╭─ Collected material

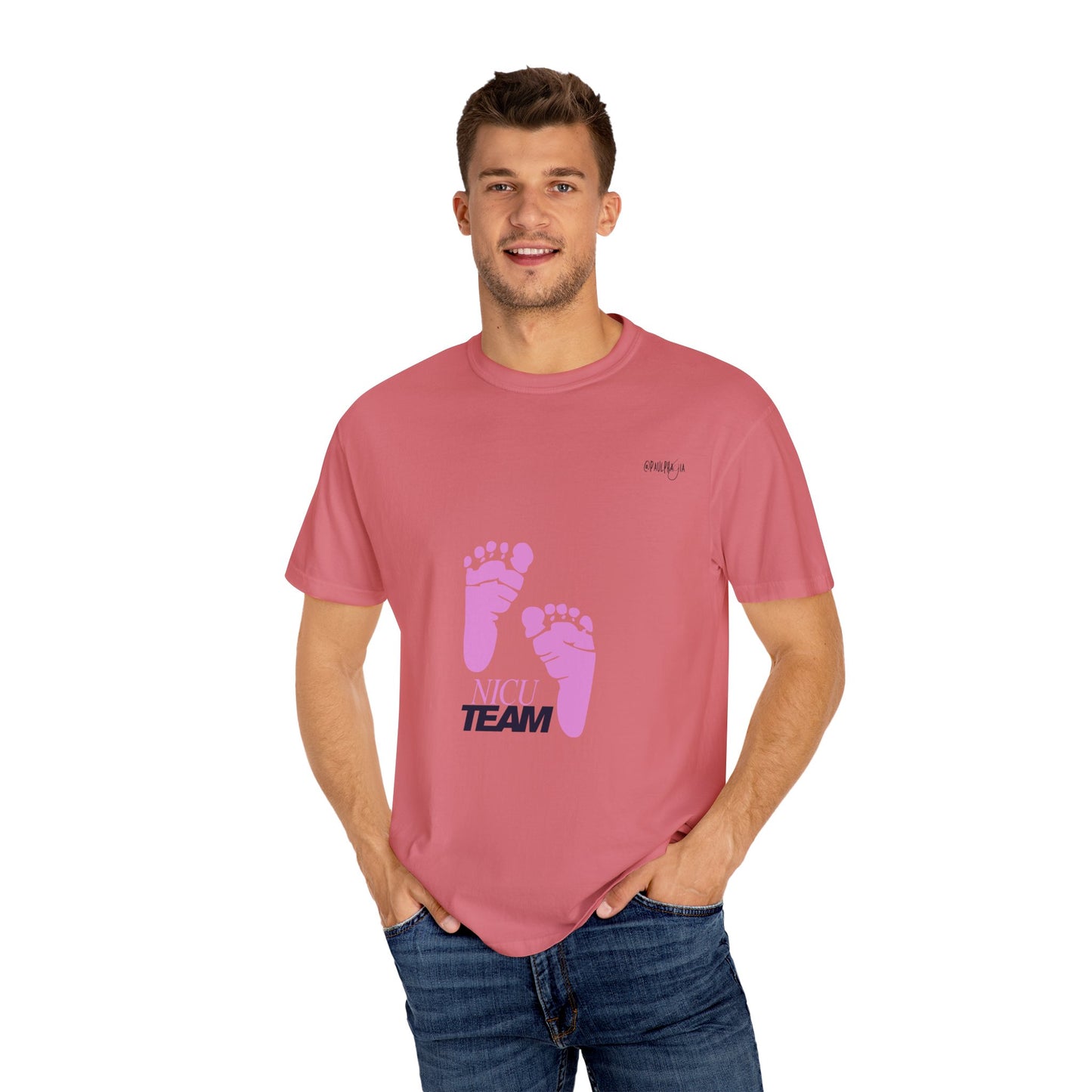 NICU Team Unisex T-shirt with Small Feet Design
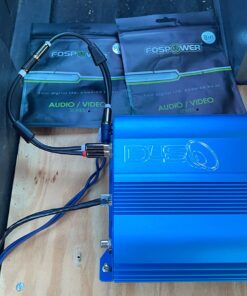 FosPower Y Adapter (8 inch) 2 RCA (Male) to 1 RCA (Female) Stereo Audio Y Adapter Subwoofer Cable (24k Gold Plated) 2 Male to 1 Female Y Splitter Connectors Extension Cord 18 71PEF22c5sL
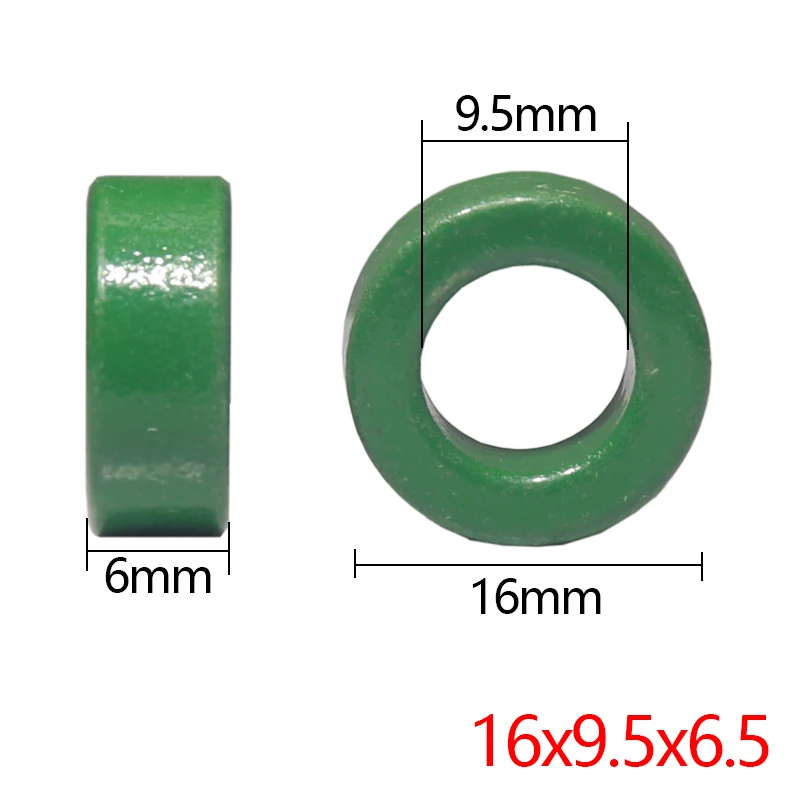 【10-5PCS】Ferrite Magnetic Ring 16x9.5x6.5MM Anti-interference Mn-Zn Toroidal Cores Toroid Ferrite Core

╰─

→ Your goal: Set out nothing but the lines from the line with "FosPower Y Adapter" through the end of the material, reproduced exactly, both ends included, pictures omitted.

→ Response box:
 FosPower Y Adapter (8 inch) 2 RCA (Male) to 1 RCA (Female) Stereo Audio Y Adapter Subwoofer Cable (24k Gold Plated) 2 Male to 1 Female Y Splitter Connectors Extension Cord 18 71PEF22c5sL
 【10-5PCS】Ferrite Magnetic Ring 16x9.5x6.5MM Anti-interference Mn-Zn Toroidal Cores Toroid Ferrite Core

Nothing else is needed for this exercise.